:: Directions for this task ::
Leave the pictures out. Return all other data exactly.

:: Collected material ::
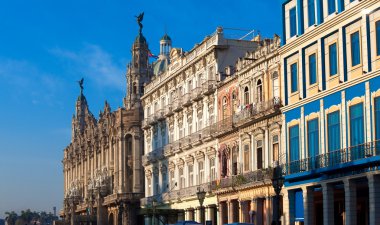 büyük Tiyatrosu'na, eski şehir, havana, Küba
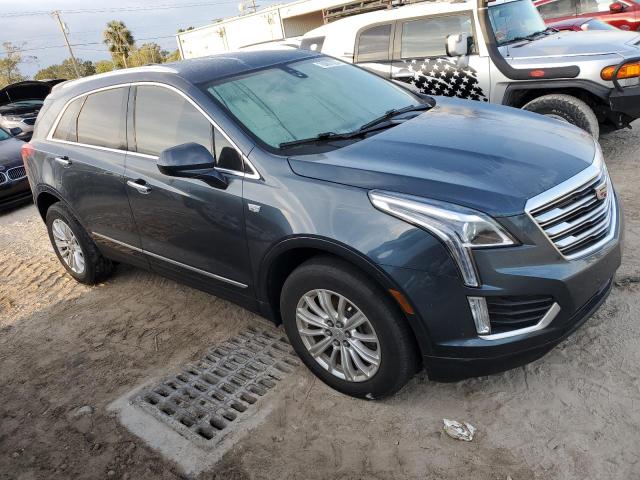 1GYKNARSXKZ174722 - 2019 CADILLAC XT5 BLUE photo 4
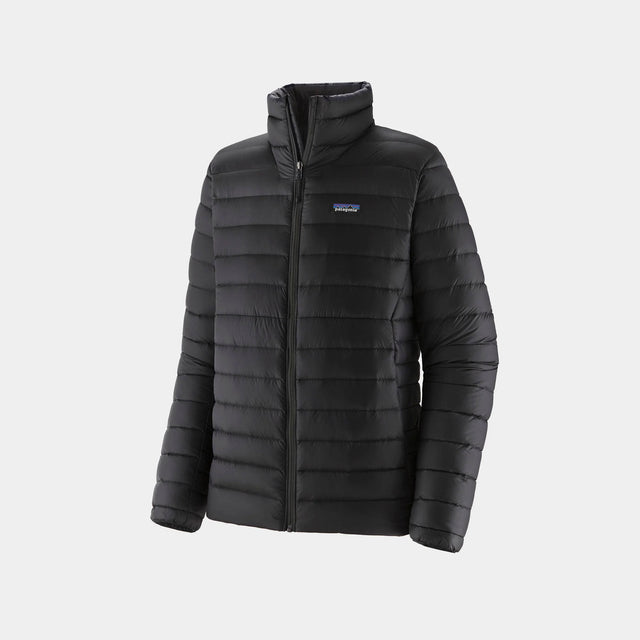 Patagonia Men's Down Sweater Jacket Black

:: Solution to this problem ::
 büyük Tiyatrosu'na, eski şehir, havana, Küba
 1GYKNARSXKZ174722 - 2019 CADILLAC XT5 BLUE photo 4
 Patagonia Men's Down Sweater Jacket Black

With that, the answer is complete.